Buffy was buried next to her mother, which she would have wanted. Dawn gave me her dress afterwards, because I'd asked for it. It had been thoroughly cleaned and large patches had lost their sheen and died, looking as much unlike Buffy's dress as the cloth had on the coat hanger. I'd almost have preferred the bloodstains: at least then I could still believe the cloth sparkled underneath it. But they were right in their way, as my Grandsire was. Some people seem to have pragmatic, accepting souls, that ability to deal with death. I don't have a soul, and I've revelled in death for over one hundred years, but this – I can't understand, can't comprehend.

Afterwards I stood at the gravesite for a while, but not for long because I knew people were waiting for me. As I stood by the mound of earth on top of her I tried to concentrate, to send some final thought to her, some final love, but the world kept pressing on through the lights of cars shining through from the road and the cawing of some predatory nocturnal bird. I couldn't shut it out. I couldn't believe how cold it was, that somewhere lives were being led and televisions were being watched, that when I got there, the inside of the Magic shop would smell the same as it always had. I wanted to feel something, wanted to sense her presence, but I couldn't. All I could feel was the world around me, the same old world. But it wasn't the world that had been there three days ago, and I couldn't understand how it looked so much the same.

It was the same because nothing had changed, and I tuned and walked towards the car. The wake was worse than the funeral, much worse, and I stood there with a sandwich I wouldn't eat, feeling something very cold building up inside of me. Xander and Willow held court with the rest of the Scoobie's, swiftly running through a range of emotions from stoic resilience to trembling incoherence.

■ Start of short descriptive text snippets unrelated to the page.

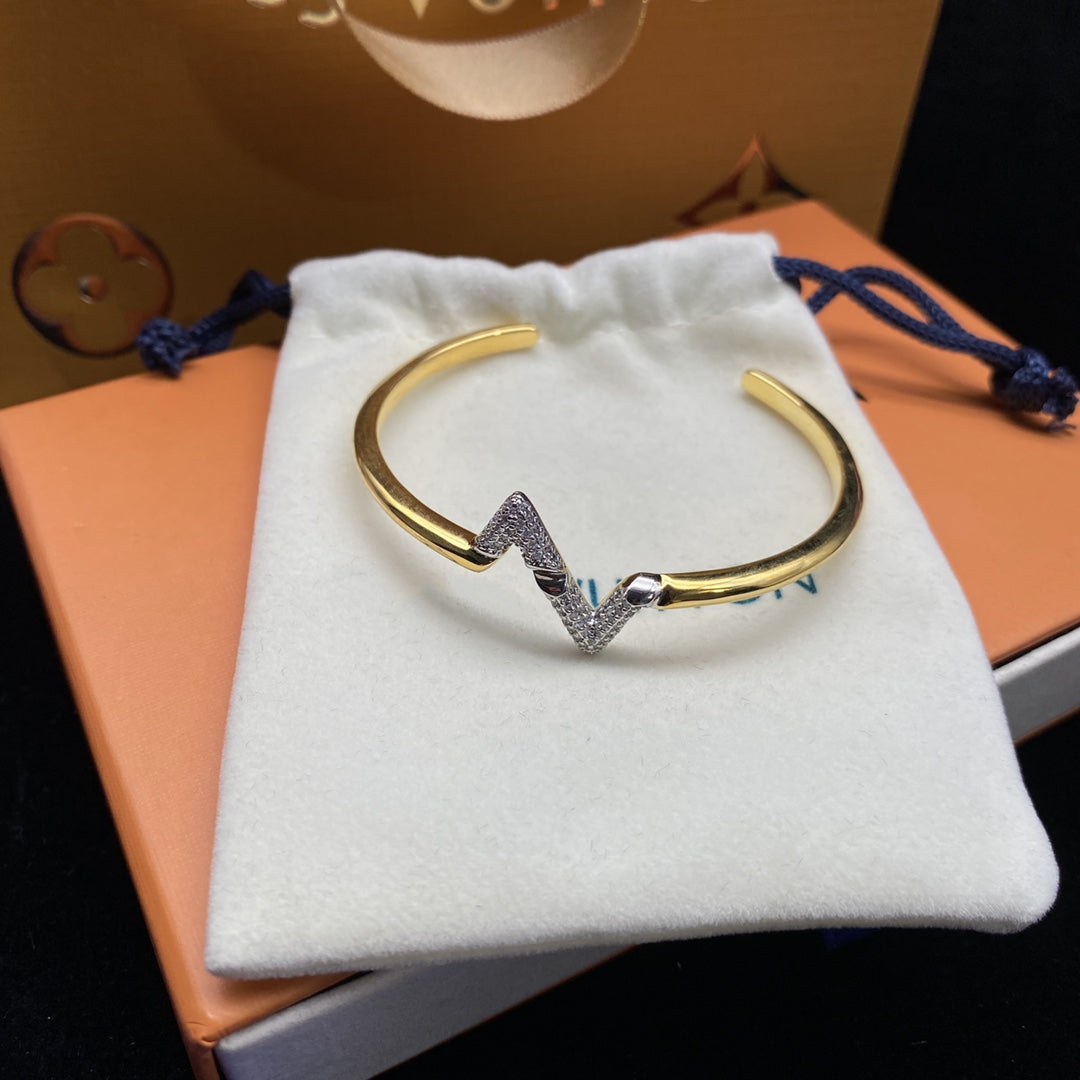 [Lumi Jewellery]VOLTE UPSITE DOWN DIAMOND GOLD OPEN BRACELET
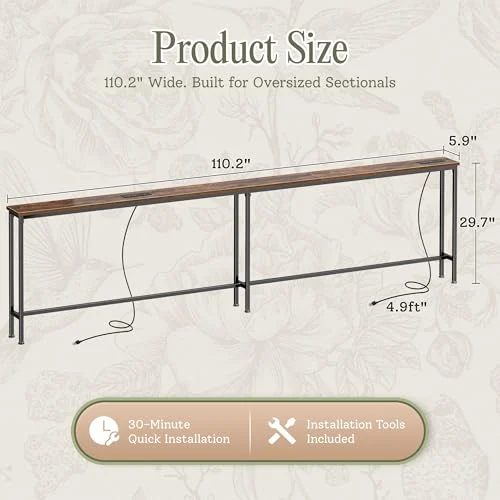 110.2-Inch Behind Couch Table with Power Outlets and USB Ports detail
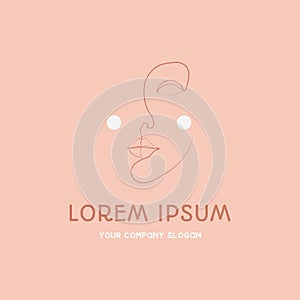 Continuous line woman face beauty fashion logo design concept template vector illustration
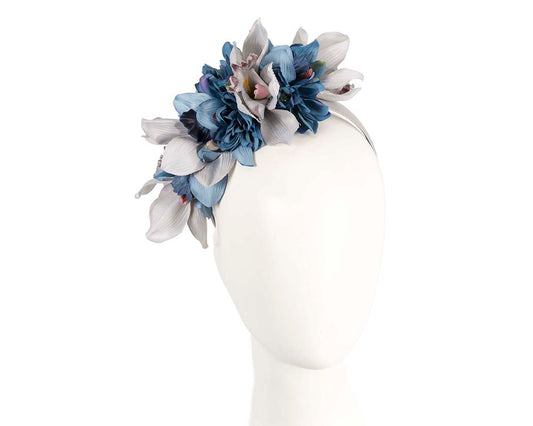 Hand made exclusive blue fascinator headband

'I've just realised, ' Willow sobbed to me, 'Buffy's not going to be at my commitment ceremony with Tara.'

'Yes,' I agreed numbly, 'Well not unless you bring her back like last time.'

And immediately hate myself for it. I went and stood by the staircase, out of harms way. I couldn't react properly. I knew why everyone was standing here, that in some ways it was like Willow and Tara's commitment ceremony. Instead of gathering to bear witness to a bond, they were here to prove she was dead. In the weeks that would come they'd know they'd stood together in a room, and would be able to accept she was gone. I couldn't.

I said goodbye to Buffy's relatives as they left. I looked at them oddly, and shook hands, strangers for all our connection to Buffy. Then I went back and changed into my old clothes, my 'Big Bad' clothes, Buffy used to call them. Then I made up a cup of O negative laced with whisky and stared out the window into the darkened street for a while. I knew damn well what I was going to do and it was a relief to give into it.

I went back to the cemetery and I dug her up. What can I say? It wasn't hard work, but took longer than I'd expected, but in another way it was surprisingly difficult. It was creepy, it was sacrilege. I had too constantly remind myself I was a vampire just to keep putting shovel to earth. There was just me, the damp earth and Buffy underneath. I just wanted to find her. 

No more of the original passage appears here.